The Supreme Court’s decision
Facebook and the other defendants moved to dismiss the Stockholder’s complaint under Court of Chancery Rule 23.1, arguing that the Stockholder did not make demand or prove that demand was futile. In October 2020, the Court of Chancery dismissed the Stockholder’s complaint under Rule 23.1, finding that the Stockholder failed to justify its decision to sidestep the Board and sue Facebook directly. In reaching that conclusion, the Court of Chancery blended two demand-futility tests articulated in Delaware’s Aronson v. Lewis and Rales v. Blasband rulings, thus creating a new universal three-part test.
The Stockholder appealed the Court of Chancery’s judgment to the Delaware Supreme Court, which affirmed the Court of Chancery’s decision to dismiss the derivative action and agreed with the lower court’s finding that the Stockholder should have first taken its demand for action to the Board before filing a derivative action in the Court of Chancery.
The Supreme Court emphasized that the demand futility analysis provides an important “doctrinal check” that ensures the board of a Delaware company is not improperly deprived of its decision-making authority, but still leaves stockholders with a path to sue derivatively if the board lacks independence:
While Delaware law recognizes that there are circumstances where making a demand would be futile because a majority of the directors “are under an influence which sterilizes their discretion” and “cannot be considered proper persons to conduct litigation on behalf of the corporation,” the demand requirement is not excused lightly because derivative litigation upsets the balance of power that the DGCL establishes between a corporation’s directors and its stockholders. Thus, the demand-futility analysis provides an important doctrinal check that ensures the board is not improperly deprived of its decision-making authority, while at the same time leaving a path for stockholders to file a derivative action where there is reason to doubt that the board could bring its impartial business judgment to bear on a litigation demand.

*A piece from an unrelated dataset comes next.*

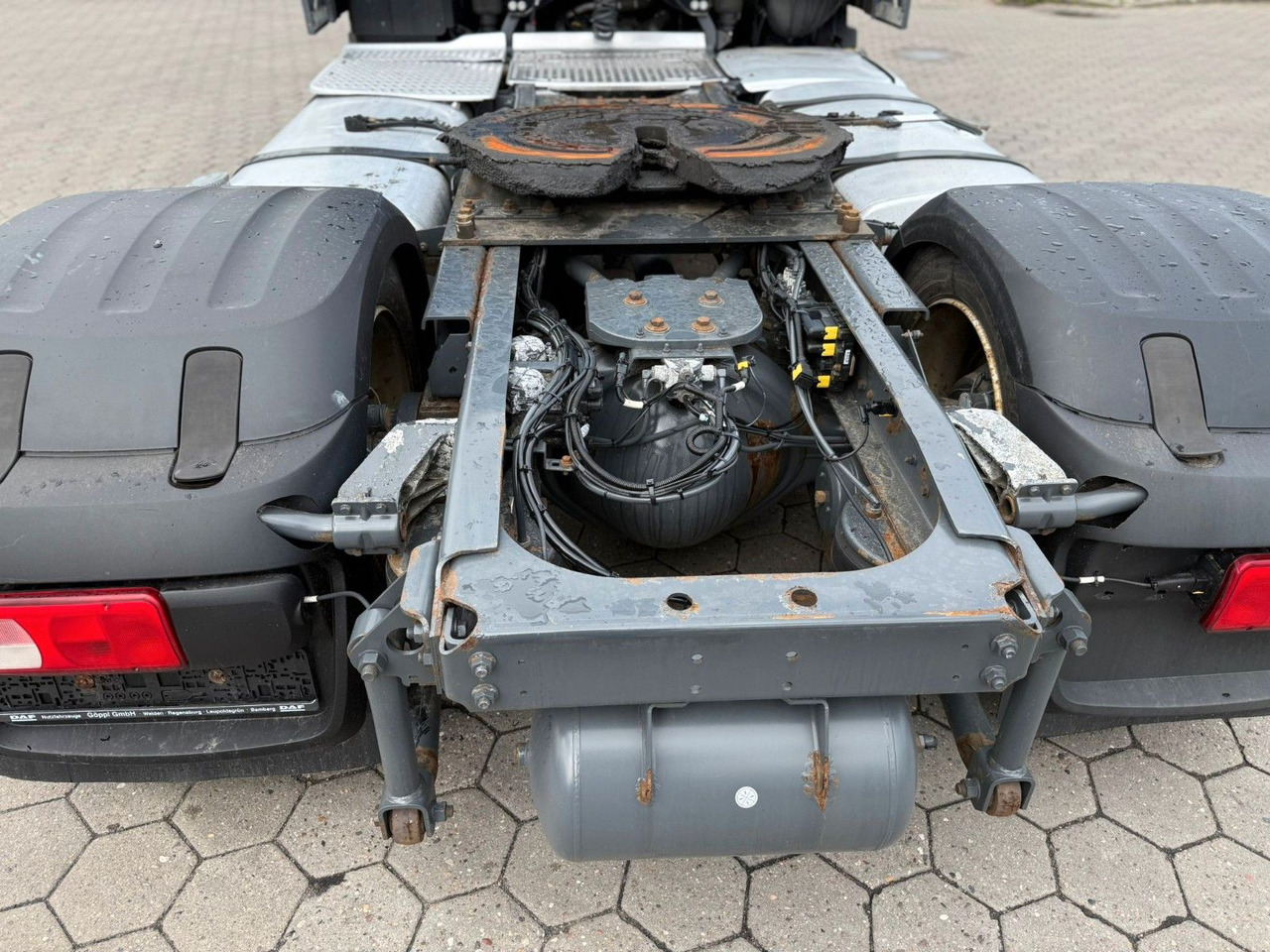 Leasing financiero de  DAF XF 480 Low +Retarter+2xTank leasing DAF XF 480 Low +Retarter+2xTank: foto 18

The Supreme Court adopted the new three-part demand-futility test that combines tests outlined in its Aronson v. Lewis and Rales v. Blasband decisions. The test set forth in Aronson applied where the complaint challenged an affirmative decision made by the same board considering the demand. Under Aronson, demand was excused as futile if the complaint alleged particularized facts that raised a reasonable doubt that: (1) directors were disinterested and independent; and (2) the challenged transaction was otherwise the product of a valid business judgment. In all other situations, the test in Rales applied and asked whether the plaintiff alleged particularized facts creating a reasonable doubt that, as of the time the complaint was filed, a majority of the board could have properly exercised its independent and disinterested business judgment in responding to a demand. Both previously espoused tests essentially addressed the same question ‒ whether the board could exercise its business judgment on a corporation’s behalf in considering a litigation demand.